Sotheby's will soon auction off a prestigious collection of Meissen porcelain, once owned by the collectors Franz and Margarethe Oppenheimer
The Oppenheimer porcelain pieces will go under the hammer on September 14 at Sotheby's New York.
Image: Courtesy Sotheby's
An auction lot like this hasn't been seen on the market in the last four decades. Sotheby's will soon auction off a prestigious collection of Meissen porcelain, once owned by the collectors Franz and Margarethe Oppenheimer. The estimate for the collection? Several million dollars.
According to Sotheby's, "one doesn't expect to find such masterpieces for sale in the 21st century." And for good reason: the porcelain collection offered for sale on September 14 is as rare as it is coveted.

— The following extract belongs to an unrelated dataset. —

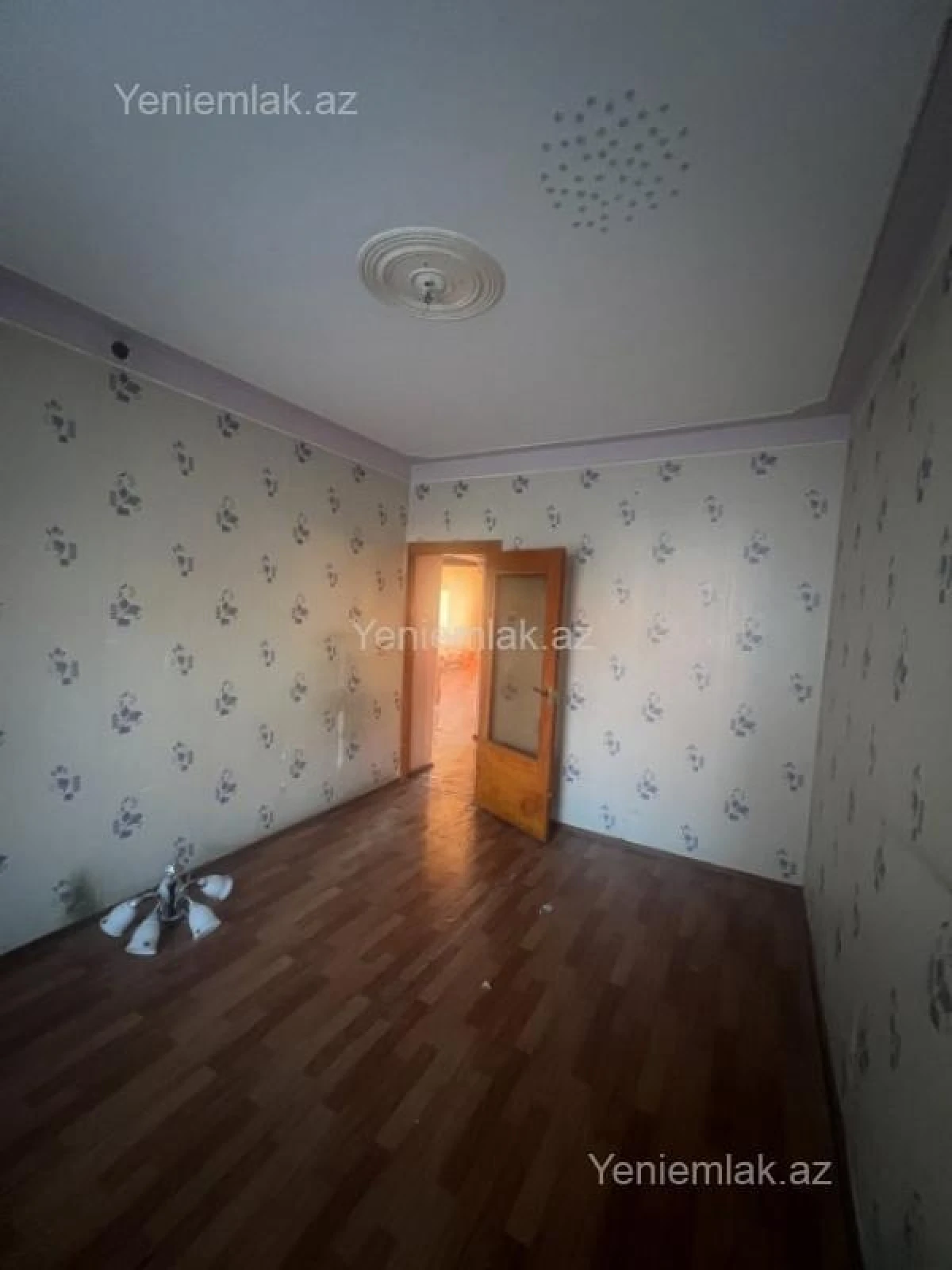 Satılır 5 otaqlı köhnə tikili 110 m²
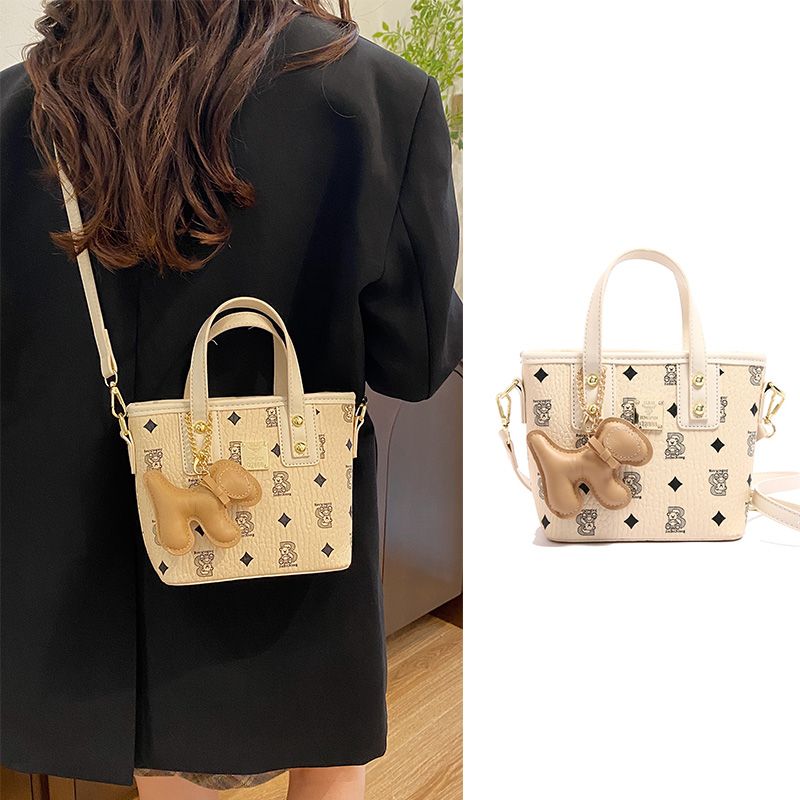 Le novità più popolari e di maggior successo per la primavera/estate 2026 sono le borse a tracolla versatili e le borse a secchiello da donna._voghion.com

It was assembled by Berlin collectors Franz and Margarethe Oppenheimer in the late 1920s, when it was possible to acquire certain pieces from the royal collections in Dresden.

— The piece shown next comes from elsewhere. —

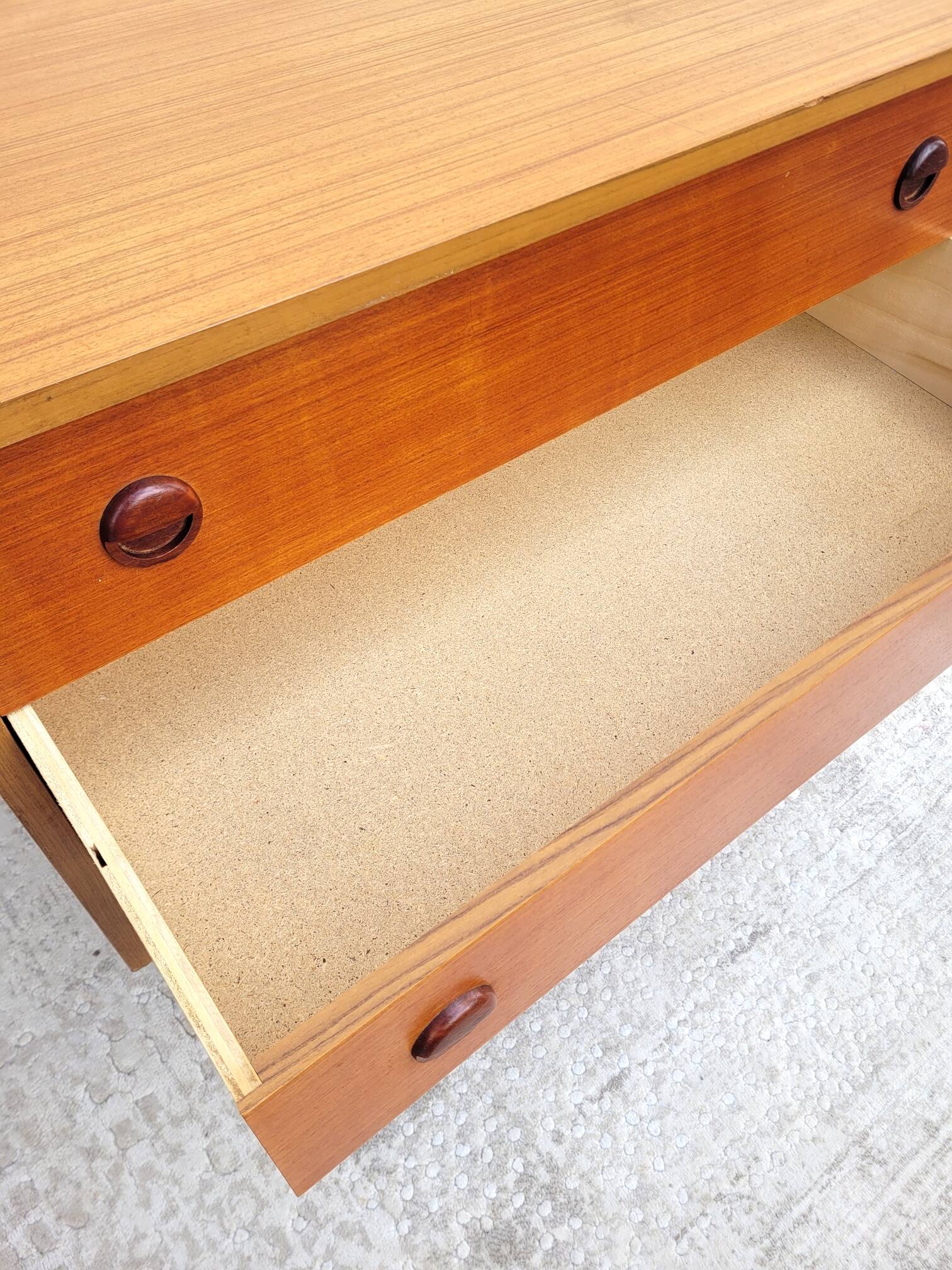 Scandinavian chest of drawers 1960 3t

Most of the pieces offered at auction at Sotheby's once belonged to Augustus II, former king of Poland and founder of the Royal Porcelain Factory in Meissen, or were diplomatic gifts. Porcelain was developed in China about 2,000 years ago, but its method of manufacture remained a mystery to Europeans until the early 18th century. The chemist Johann Friedrich Böttger discovered the magic formula in 1709, and the Meissen factory was established the following year. It went on to produce some of the finest ceramic objects and sculptures ever seen in the West.